|
Bulan madu Ikhwanul Muslimin dan
militer pasca-revolusi, 25 Januari 2011, telah berakhir. Kudeta militer pada 3
Juli lalu menjadi mimpi buruk bagi IM. Muhammad Mursi dilengserkan, ribuan
aktivis IM dipenjara atas tuduhan provokasi kekerasan dan ratusan demonstran
pro-Mursi tewas.
Dinamika
politik pasca-revolusi berubah begitu cepat dan kompleks. Mulanya, revolusi
yang menumbangkan rezim Hosni Mubarak melahirkan fakta baru di panggung politik
Mesir, yaitu hubungan mesra antara IM dan militer. Kubu nasionalis yang sejak
awal mendesak militer agar mengamandemen konstitusi terlebih dahulu daripada
menggelar pemilu tidak digubris. Militer lebih memilih berkolaborasi dengan IM
daripada mendengarkan aspirasi kubu nasionalis. IM mendulang keuntungan politik
dari hubungan mesra tersebut.
Bagaimanapun,
keberhasilan IM menjadi penguasa pasca-revolusi tidak bisa dilepas dari
dukungan militer. Hubungan mesra dengan militer telah memuluskan IM meraih
mimpi mereka jadi kekuatan utama politik di Mesir. Menurut Zoltan Barany dalam The
Role of the Military, militer adalah institusi yang paling kuat di dalam negara
dan tak ada revolusi yang sukses tanpa mendapat dukungan atau setidaknya
pasifnya militer. Jatuhnya Mubarak karena militer mendukung revolusi (Journal of Democracy, 4 Oktober 2011).
Penjelasan
tersebut kian mengukuhkan militer punya peran sentral dalam jatuh bangun rezim
politik. Tanpa dukungan militer, IM tidak mungkin menjadi kekuatan penting
dalam politik Mesir pasca-revolusi. Di sinilah posisi strategis militer di
dalam panggung politik Mesir.
Hal sebaliknya,
kejatuhan Mursi dari kursi kekuasaan tak lain dapat dipahami karena IM tidak
mampu menjaga hubungan mesra dengan militer. Ketidakmampuan Mursi mengendalikan
dan mengelola hubungan baik dengan militer berdampak buruk bagi kekuasaannya,
yang hanya bertahan seumur jagung itu.
Rezim militer
Sejak 1952,
rezim politik di Mesir adalah rezim militer. Gamal Abd Nasser meraih kekuasaan
melalui kudeta militer. Hubungan antara Nasser dan IM sudah retak sejak awal.
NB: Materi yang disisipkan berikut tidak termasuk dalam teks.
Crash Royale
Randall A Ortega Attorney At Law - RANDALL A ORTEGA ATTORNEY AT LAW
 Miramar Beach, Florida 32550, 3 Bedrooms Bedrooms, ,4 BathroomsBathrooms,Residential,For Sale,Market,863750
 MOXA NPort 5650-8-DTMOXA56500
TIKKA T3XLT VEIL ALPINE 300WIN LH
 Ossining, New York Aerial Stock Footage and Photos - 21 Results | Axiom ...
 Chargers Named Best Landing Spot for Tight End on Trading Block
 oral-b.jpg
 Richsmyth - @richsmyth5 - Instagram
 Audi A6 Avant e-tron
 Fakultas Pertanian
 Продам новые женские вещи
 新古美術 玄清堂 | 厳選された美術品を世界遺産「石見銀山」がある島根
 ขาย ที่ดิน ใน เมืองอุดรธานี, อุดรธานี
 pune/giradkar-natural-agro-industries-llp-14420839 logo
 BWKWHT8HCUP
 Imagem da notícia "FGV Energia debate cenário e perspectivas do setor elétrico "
Hal tersebut disebabkan dua arus ideologi yang berseberangan di antara keduanya.
Nasser adalah simbol nasionalisme Arab yang beraliran sosialis, sedangkan IM
merupakan benteng islamisme yang meyakini pembentukan negara Islam. Untuk
memapankan kekuasaannya, Nasser melarang eksistensi IM pada tahun 1954.
Pada masa
pemerintahan Nasser, islamisme ala IM tidak punya ruang gerak akibat
tertutupnya kanal politik praktis. Ide-ide nasionalisme dan sosialisme lebih
diidolakan rakyat Mesir, bahkan dunia Arab lainnya. Namun, petaka politik
terjadi saat Nasser kalah dalam perang melawan Israel pada 1967, yang disertai
krisis ekonomi dan melemahnya kekuatan militer akibat terbatasnya belanja di
bidang militer. Akhirnya, IM berkesempatan menggoyang posisi militer, yang
berakhir dengan terbunuhnya Nasser, konon di tangan aktivis IM.
Anwar Sadat yang
memerintah sejak 1970 mulai menggandeng IM. Ia menyadari betapa penting peran
IM dan kelompok islamis lainnya. Salah satu hubungan mesra Sadat, yang juga
dari kalangan militer itu, adalah perubahan klausul di dalam konstitusi yang
berbunyi, ”Syariat Islam sebagai sumber utama dalam hukum”. Langkah ini diambil
Sadat sebagai jalan kompromi dengan IM dan kekuatan islamis lainnya. Klausul
inilah yang kemudian jadi sumber perdebatan di dalam lanskap politik, antara
Syariat Islam sebagai salah satu sumber atau satu-satunya sumber hukum. Di
samping itu, ada yang mengusulkan agar tujuan-tujuan pokok Syariat Islam
sebagai sumber hukum.
Namun, setelah
deklarasi perdamaian antara Mesir dan Israel di Camp David pada 1979, Sadat
berhadapan kembali dengan IM dan kelompok islamis lainnya. Perdamaian dengan
Israel akhirnya berujung dengan tewasnya Sadat di tangan kaum islamis.
Hosni Mubarak
yang juga berasal dari militer menggantikan Sadat sejak 1981. Mubarak semakin
mengukuhkan nasionalisme dan melakukan modernisasi dalam segala bidang. Ia juga
terus melanjutkan perjanjian damai dengan Israel yang telah dirintis Sadat.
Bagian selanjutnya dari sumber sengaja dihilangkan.